BACKGROUND OF THE INVENTION

The present invention relates to an electric power source breaker which isolates a power supply circuit, for example, by means of rotational movement of a motor, and in particular relates to a power source breaker which can forcedly and surely isolate a power supply circuit in case of something unusual such as short circuiting of a wire harness, collision of road vehicles, and also has a structure suitable for miniaturizing itself.

FIG. 1 is a systematic diagram showing an example for electronic automobile parts to which a conventional power source breaker is applied. As shown in the figure, the electronic automotive part 100 includes a power supply circuit assembled by connecting a battery 101 of an automobile to each load 102-104 disposed at each location of the automobile using a wire harness 106 with electric wires 105, and a power source breaker 107 intervened in the power supply circuit.

When a circuit-cut signal generated at a power source controller 108 is input in case of something unusual such as short circuiting of a wire harness 106 or collision of road vehicles, the power source breaker 107 can stop supplying power from the battery 101 to each load 102-104 etc. through releasing a lock in a manner as described hereinafter according to FIG. 2.

FIG. 2 is a configuration of a solenoid-type power source breaker 107A showing an example of the power source breaker 107 in FIG. 1, and FIG. 2A is a top view and FIG. 2B is a side view. The solenoid-type power source breaker 107A includes a shaft 111, disposed on a base body 110 as shown in FIG. 2A, which is constrained with a lock 113 pressing down the shaft 111 to maintain a terminal 112a and a terminal 112b electrically continued in a connected state, before the circuit-cut signal is input to the solenoid-type power source breaker 107A at the initial state.
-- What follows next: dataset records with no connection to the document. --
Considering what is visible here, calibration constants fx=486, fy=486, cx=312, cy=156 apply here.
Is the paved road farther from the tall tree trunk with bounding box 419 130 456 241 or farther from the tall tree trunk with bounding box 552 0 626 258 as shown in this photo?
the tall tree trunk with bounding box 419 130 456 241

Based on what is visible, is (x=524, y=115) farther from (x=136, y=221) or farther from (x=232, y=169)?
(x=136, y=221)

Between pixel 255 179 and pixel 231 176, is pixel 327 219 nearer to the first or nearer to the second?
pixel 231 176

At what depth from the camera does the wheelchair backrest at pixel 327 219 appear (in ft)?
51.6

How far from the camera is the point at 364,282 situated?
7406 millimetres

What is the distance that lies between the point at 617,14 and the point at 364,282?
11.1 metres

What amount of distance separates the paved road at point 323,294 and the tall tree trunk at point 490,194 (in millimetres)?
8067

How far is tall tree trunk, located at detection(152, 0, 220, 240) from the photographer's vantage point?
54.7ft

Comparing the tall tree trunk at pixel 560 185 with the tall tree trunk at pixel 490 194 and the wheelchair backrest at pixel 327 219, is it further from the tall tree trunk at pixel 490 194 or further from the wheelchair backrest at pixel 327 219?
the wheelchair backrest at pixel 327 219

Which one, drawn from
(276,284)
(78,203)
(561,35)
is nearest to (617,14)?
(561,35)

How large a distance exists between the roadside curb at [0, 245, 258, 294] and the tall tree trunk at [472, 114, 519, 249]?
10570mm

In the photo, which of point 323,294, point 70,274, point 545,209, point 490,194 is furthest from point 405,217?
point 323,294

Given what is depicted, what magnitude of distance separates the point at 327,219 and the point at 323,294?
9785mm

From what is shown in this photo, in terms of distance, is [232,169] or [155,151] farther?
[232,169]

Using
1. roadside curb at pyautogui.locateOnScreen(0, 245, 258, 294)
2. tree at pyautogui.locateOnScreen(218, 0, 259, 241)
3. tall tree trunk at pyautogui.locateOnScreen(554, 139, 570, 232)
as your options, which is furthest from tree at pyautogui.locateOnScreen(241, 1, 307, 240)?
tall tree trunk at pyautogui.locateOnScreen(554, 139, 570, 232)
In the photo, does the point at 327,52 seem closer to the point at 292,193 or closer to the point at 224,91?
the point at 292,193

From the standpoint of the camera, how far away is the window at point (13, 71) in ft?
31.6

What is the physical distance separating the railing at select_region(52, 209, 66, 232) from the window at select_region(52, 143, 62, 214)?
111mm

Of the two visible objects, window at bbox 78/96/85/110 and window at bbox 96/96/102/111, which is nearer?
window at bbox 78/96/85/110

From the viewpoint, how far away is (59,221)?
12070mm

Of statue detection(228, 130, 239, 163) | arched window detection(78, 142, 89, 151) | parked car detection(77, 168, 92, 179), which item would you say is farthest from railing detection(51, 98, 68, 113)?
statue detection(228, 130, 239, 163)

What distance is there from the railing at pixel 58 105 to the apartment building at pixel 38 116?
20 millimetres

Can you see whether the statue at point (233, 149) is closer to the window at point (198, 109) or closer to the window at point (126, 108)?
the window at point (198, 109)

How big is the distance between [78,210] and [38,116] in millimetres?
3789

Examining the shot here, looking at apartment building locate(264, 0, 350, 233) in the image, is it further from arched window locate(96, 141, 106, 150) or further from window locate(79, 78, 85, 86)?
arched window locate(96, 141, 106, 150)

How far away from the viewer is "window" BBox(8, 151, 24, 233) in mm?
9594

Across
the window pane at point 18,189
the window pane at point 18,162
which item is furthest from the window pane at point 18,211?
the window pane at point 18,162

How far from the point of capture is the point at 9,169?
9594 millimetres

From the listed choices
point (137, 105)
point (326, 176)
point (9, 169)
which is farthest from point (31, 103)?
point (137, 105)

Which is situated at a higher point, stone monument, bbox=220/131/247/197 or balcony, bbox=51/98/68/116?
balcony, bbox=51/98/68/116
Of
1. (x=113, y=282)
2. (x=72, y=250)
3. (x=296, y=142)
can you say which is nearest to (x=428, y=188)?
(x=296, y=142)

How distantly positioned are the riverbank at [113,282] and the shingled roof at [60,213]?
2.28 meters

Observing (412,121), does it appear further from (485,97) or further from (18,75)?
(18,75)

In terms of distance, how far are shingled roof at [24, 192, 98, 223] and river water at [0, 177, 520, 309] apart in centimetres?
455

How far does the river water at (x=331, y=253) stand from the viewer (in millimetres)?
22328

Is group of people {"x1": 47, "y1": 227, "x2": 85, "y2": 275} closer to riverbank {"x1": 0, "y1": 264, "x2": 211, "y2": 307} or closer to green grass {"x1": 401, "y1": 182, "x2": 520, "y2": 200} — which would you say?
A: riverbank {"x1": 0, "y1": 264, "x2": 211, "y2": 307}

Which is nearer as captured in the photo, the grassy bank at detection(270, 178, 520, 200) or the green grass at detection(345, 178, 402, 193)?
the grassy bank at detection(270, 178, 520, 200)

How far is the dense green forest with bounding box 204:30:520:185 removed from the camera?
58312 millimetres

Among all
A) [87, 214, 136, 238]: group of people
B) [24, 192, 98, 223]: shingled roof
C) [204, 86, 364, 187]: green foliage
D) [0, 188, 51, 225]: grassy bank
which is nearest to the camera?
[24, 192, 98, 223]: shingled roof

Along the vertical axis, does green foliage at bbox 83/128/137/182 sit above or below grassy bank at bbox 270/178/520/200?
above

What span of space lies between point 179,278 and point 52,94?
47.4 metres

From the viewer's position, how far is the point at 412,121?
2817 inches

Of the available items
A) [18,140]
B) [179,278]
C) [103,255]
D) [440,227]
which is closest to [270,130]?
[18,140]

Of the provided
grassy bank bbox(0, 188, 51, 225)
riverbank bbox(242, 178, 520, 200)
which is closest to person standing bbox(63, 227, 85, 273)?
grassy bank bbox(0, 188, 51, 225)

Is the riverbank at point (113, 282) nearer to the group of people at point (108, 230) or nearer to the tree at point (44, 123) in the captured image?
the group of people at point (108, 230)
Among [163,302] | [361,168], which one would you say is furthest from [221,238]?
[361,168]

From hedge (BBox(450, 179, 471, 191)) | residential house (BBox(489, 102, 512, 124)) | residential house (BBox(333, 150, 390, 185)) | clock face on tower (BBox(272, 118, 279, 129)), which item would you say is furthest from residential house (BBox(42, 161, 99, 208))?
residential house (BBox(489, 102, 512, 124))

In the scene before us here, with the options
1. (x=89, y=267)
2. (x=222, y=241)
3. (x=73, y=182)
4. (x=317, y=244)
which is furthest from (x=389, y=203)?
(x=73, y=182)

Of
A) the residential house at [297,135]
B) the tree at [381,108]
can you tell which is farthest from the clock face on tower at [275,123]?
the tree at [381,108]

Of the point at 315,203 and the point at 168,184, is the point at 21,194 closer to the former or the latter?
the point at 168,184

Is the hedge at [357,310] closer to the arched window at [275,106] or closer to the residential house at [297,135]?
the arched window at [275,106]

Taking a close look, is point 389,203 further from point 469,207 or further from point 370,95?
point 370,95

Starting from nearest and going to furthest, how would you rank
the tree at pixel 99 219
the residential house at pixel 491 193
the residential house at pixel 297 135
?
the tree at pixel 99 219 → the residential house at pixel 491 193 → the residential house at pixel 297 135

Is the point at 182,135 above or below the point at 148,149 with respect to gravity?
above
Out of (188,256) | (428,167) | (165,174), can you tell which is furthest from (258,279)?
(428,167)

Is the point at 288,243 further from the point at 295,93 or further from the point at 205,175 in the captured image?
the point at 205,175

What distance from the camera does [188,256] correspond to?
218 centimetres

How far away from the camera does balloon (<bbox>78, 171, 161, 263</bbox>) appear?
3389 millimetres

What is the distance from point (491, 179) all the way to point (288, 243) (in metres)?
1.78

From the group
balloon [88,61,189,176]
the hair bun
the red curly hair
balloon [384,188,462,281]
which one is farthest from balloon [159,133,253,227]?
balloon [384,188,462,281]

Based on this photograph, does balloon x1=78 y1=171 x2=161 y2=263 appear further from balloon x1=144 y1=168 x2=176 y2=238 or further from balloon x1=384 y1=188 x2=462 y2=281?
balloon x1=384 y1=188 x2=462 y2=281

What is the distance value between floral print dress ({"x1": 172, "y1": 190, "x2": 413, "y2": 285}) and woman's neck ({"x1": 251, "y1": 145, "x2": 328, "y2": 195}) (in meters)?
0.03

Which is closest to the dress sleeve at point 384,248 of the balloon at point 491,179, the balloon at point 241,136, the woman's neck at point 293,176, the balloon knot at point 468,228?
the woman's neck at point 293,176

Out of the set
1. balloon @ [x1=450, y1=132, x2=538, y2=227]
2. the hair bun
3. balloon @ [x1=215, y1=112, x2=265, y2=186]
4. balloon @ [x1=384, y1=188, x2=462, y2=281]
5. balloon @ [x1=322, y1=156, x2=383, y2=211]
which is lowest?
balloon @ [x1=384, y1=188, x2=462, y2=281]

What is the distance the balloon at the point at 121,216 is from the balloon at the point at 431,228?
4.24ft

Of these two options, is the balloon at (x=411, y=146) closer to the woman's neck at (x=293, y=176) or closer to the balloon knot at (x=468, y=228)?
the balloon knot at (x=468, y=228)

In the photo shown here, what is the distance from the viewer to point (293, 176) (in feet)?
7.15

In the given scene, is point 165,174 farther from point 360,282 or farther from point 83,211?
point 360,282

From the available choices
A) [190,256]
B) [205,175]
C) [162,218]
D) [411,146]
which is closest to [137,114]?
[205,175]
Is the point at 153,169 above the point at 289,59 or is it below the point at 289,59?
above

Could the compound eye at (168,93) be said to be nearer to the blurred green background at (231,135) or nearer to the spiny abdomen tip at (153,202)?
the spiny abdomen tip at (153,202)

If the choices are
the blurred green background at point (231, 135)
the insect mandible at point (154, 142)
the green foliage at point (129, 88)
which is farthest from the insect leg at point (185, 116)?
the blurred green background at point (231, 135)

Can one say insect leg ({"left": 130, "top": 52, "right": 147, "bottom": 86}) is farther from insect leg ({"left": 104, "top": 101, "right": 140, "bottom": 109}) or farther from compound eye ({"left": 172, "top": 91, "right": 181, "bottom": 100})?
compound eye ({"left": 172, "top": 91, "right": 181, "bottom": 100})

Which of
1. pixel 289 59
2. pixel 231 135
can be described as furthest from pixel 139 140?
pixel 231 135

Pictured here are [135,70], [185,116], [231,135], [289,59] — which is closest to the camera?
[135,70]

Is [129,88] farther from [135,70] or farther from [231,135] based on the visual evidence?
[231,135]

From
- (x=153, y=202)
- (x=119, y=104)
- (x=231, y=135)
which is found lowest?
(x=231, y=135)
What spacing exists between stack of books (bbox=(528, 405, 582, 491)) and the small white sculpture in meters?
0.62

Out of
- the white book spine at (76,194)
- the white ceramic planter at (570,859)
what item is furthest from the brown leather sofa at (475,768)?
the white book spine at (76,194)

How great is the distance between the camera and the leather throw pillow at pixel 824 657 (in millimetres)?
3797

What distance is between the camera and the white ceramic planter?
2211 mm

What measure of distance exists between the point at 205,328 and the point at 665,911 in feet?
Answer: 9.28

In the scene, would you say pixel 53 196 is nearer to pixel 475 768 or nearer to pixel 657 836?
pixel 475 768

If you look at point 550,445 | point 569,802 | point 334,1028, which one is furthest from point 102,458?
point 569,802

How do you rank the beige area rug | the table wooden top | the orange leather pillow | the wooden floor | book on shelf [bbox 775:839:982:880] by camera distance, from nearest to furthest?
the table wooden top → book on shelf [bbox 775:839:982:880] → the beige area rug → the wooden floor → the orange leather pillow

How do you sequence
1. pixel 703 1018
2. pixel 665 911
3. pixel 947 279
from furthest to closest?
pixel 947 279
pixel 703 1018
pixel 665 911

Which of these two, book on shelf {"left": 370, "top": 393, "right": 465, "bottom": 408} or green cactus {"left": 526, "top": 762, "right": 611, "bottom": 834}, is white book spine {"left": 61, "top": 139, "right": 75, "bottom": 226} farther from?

At this initial state, electric current in the power supply circuit flows through the rout of the terminal 112a the shaft 111 the terminal 112b , and the terminal 112a and the terminal 112b can supply a large current because of their having the multicontact spring structures.

When the circuit-cut signal is input, by supplying current to a solenoid 115 for drawing a plunger 116 in order to release the lock 113 in a linked state with the shaft 111, pushing forward the shaft 111 by means of pushing force provided by a release spring 114 to make the terminal 112a isolated from the terminal 112b, finally making the terminal 112a electrically open off from the terminal 112b to stop supplying power from the battery 101 to each load 102-104 etc.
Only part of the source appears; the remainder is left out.